== Requirement ==
Your answer should be the lines of the listing that contain the word "Imagem".

== Extracted records ==
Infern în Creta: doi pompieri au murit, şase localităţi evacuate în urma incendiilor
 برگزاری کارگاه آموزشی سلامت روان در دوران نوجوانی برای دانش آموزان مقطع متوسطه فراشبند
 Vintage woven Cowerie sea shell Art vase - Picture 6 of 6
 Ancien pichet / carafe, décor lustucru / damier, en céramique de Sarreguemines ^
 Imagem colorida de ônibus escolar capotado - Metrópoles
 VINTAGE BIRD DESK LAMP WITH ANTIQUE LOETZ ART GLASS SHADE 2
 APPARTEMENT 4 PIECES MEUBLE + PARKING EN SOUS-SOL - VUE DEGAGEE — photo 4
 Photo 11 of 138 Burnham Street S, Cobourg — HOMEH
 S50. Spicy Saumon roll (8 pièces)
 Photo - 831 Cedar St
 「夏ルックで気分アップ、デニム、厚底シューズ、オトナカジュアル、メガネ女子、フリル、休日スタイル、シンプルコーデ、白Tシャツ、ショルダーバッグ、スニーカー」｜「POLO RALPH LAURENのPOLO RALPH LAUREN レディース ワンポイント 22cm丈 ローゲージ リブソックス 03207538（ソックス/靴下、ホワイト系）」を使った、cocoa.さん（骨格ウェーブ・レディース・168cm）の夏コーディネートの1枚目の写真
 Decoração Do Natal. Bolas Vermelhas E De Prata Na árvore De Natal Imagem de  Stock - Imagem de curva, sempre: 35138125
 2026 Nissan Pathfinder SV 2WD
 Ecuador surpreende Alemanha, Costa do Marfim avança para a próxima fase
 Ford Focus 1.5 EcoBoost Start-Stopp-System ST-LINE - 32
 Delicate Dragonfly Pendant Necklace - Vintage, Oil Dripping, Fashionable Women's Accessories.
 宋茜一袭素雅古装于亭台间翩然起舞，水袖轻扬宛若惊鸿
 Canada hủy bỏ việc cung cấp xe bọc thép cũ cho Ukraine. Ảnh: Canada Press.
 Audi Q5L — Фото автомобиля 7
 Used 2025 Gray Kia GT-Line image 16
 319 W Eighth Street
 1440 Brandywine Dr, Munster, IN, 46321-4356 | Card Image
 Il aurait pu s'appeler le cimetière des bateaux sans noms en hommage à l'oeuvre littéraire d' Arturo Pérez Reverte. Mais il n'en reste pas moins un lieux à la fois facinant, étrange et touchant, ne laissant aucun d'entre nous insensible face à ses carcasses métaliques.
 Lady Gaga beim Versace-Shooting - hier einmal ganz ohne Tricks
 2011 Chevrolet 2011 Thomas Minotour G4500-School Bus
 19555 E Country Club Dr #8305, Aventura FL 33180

== Result of the exercise ==
 Imagem colorida de ônibus escolar capotado - Metrópoles
 Decoração Do Natal. Bolas Vermelhas E De Prata Na árvore De Natal Imagem de  Stock - Imagem de curva, sempre: 35138125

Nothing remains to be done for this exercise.